Work instruction = Your task is to reproduce exactly the lines from the one containing "Cute Gingerbread Cookie" through the last line below, both ends included, and nothing else, with no pictures.

Exercise input =
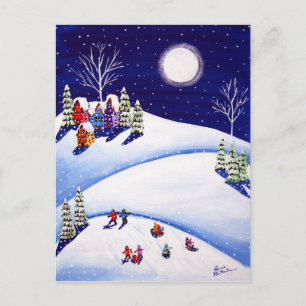 Sled Riders Under Moon Winter Folk Art Post Cards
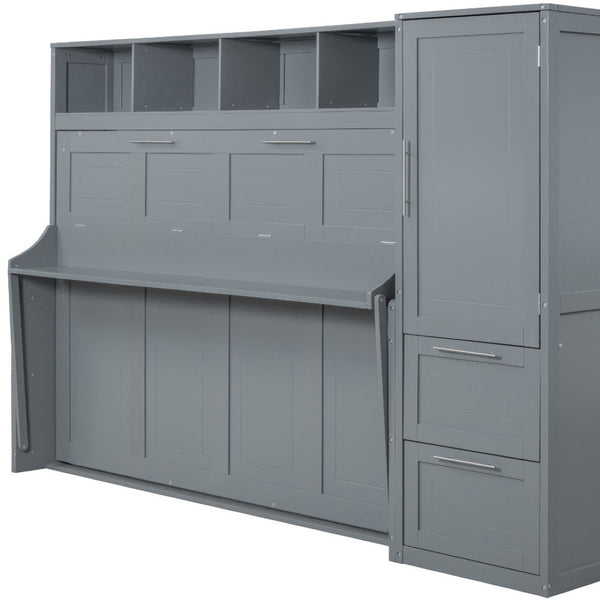 HomeRoots Gray Wood Queen Murphy Bed - Stylish Space-Saving Design with Sturdy Frame for Ultimate Comfort 602131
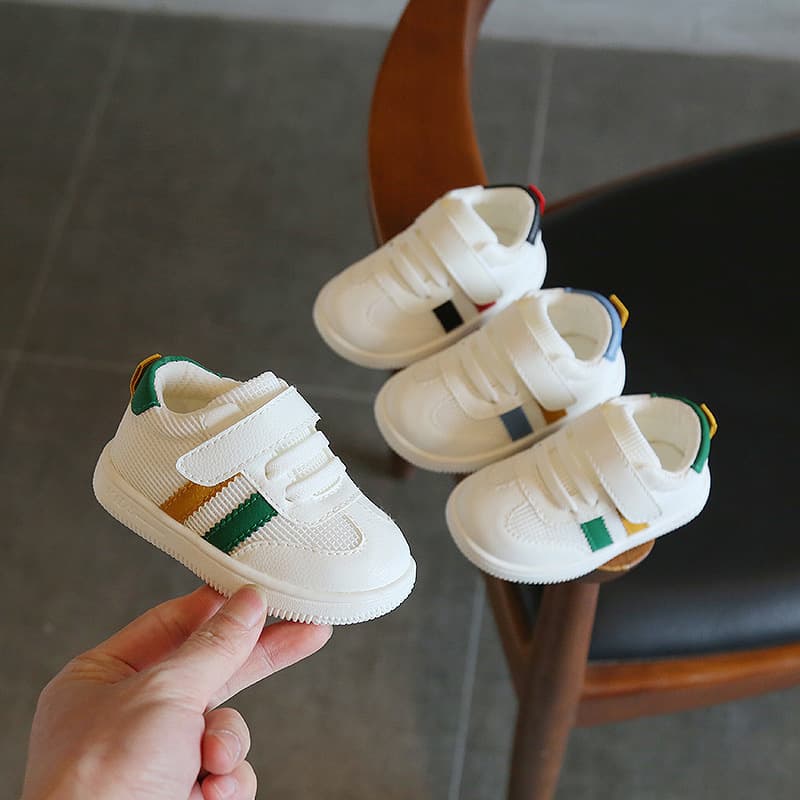Xiaoliubao 2024 Autumn New White Sneakers Magic Sticker Mesh Breathable Baby Shoes Anti-Slip Soft Sole Walking Shoes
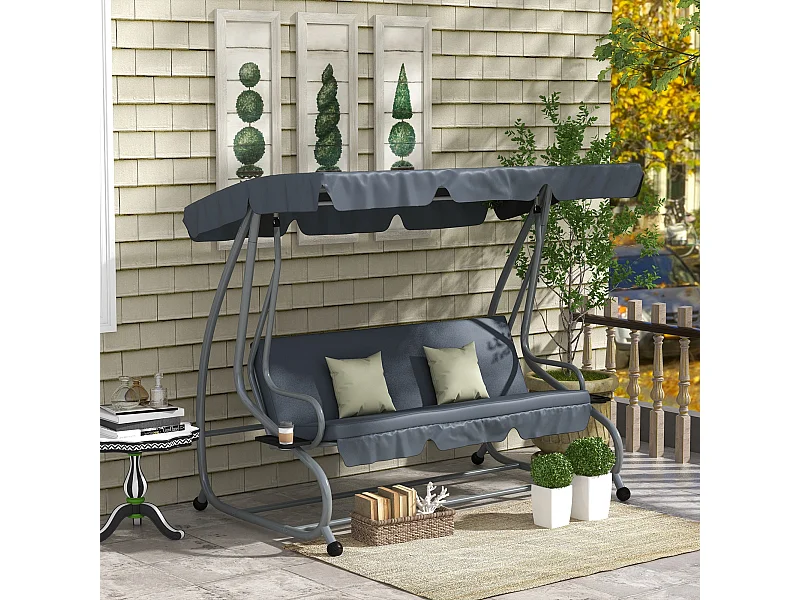 Balancelle de jardin 3 places convertible toit inclinaison réglable 2 tablettes support coussins acier polyester gris
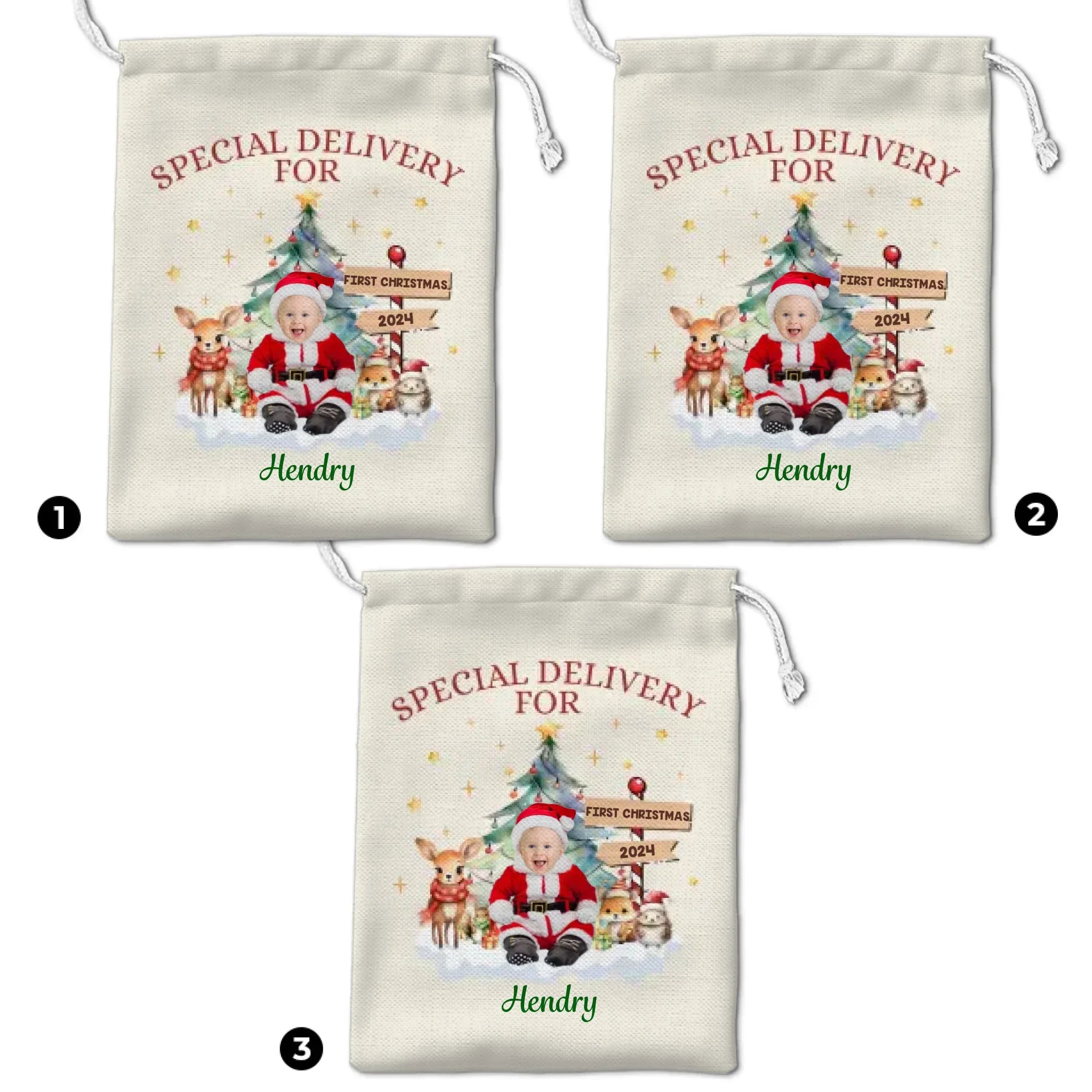 Custom Photo Special Delivery For My Kid - Personalized Custom Christmas Favor Bag - Christmas Gift For Kid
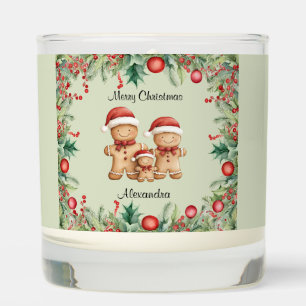 Cute Gingerbread Cookie Family Christmas Scented Candle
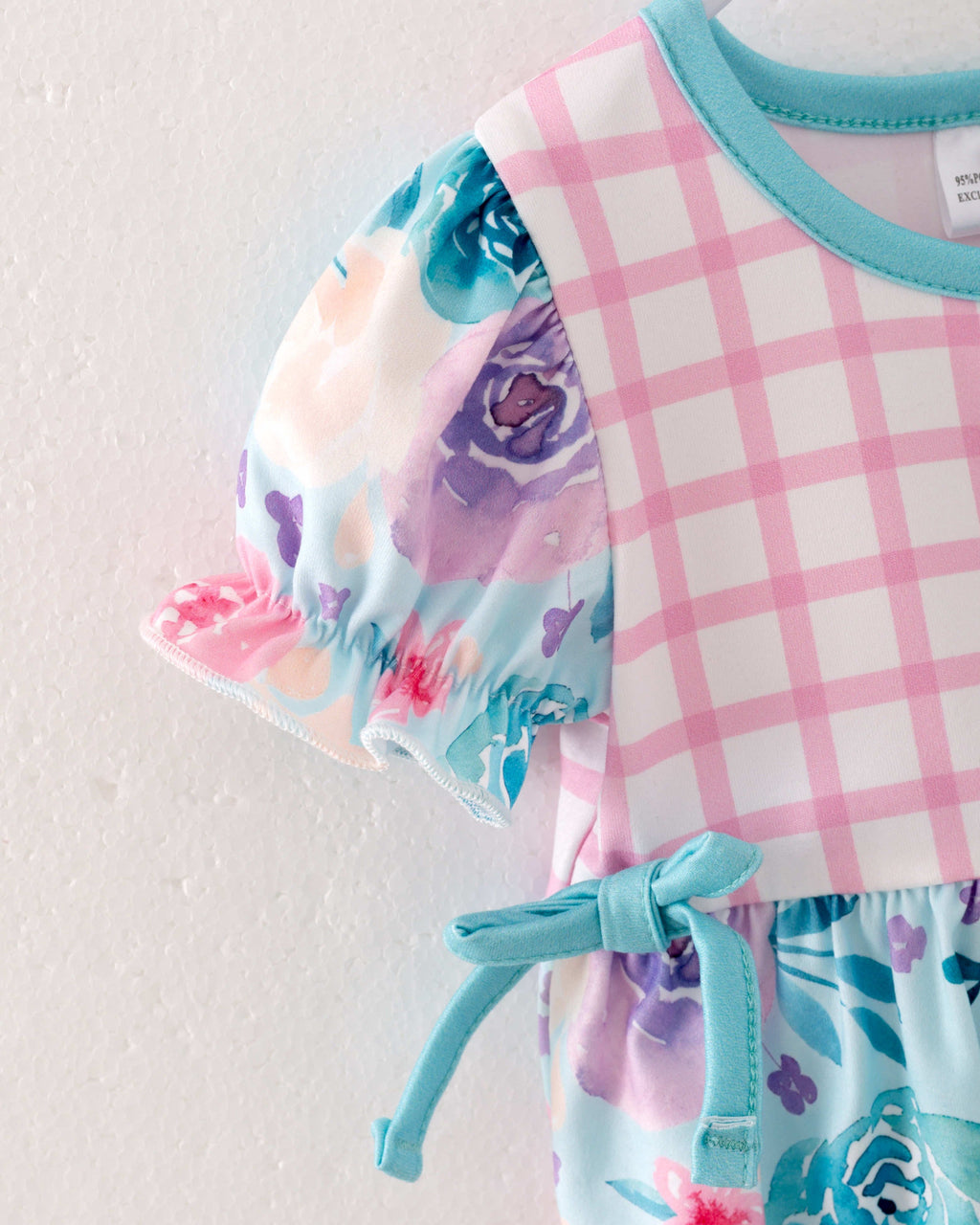 Pink Blue Plaid Flower Baby Girl Romper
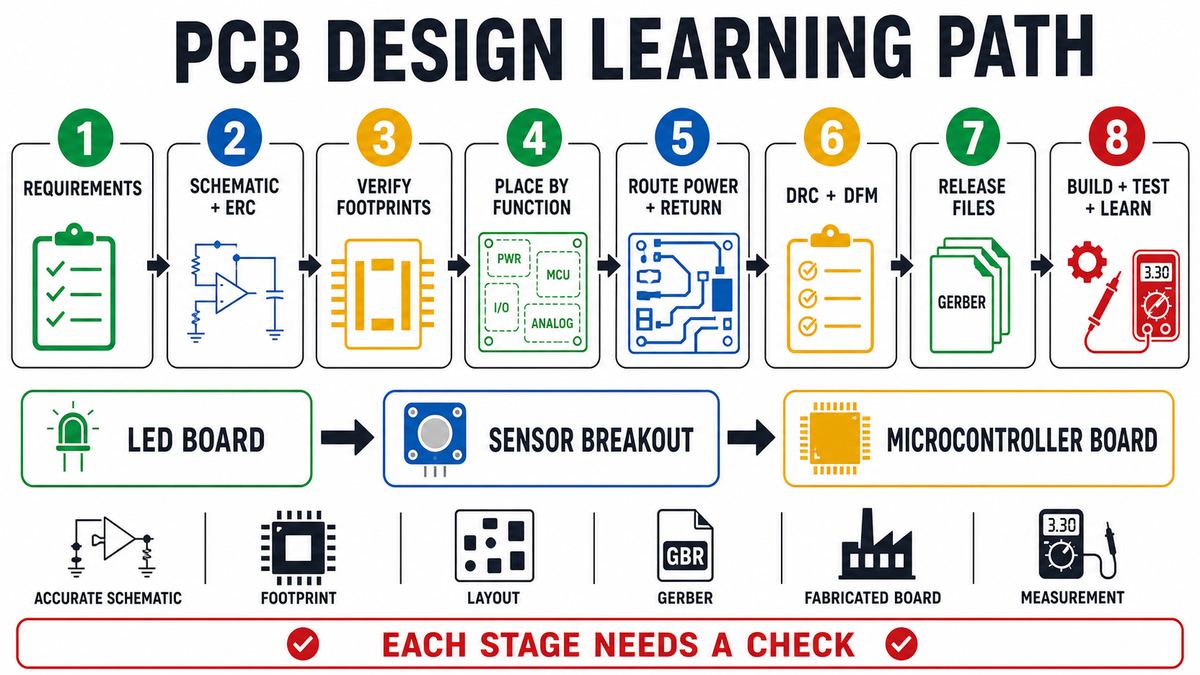 PCB design learning path from requirements and schematic through DFM, fabrication and first-board test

Task solution =
 Cute Gingerbread Cookie Family Christmas Scented Candle
 Pink Blue Plaid Flower Baby Girl Romper
 PCB design learning path from requirements and schematic through DFM, fabrication and first-board test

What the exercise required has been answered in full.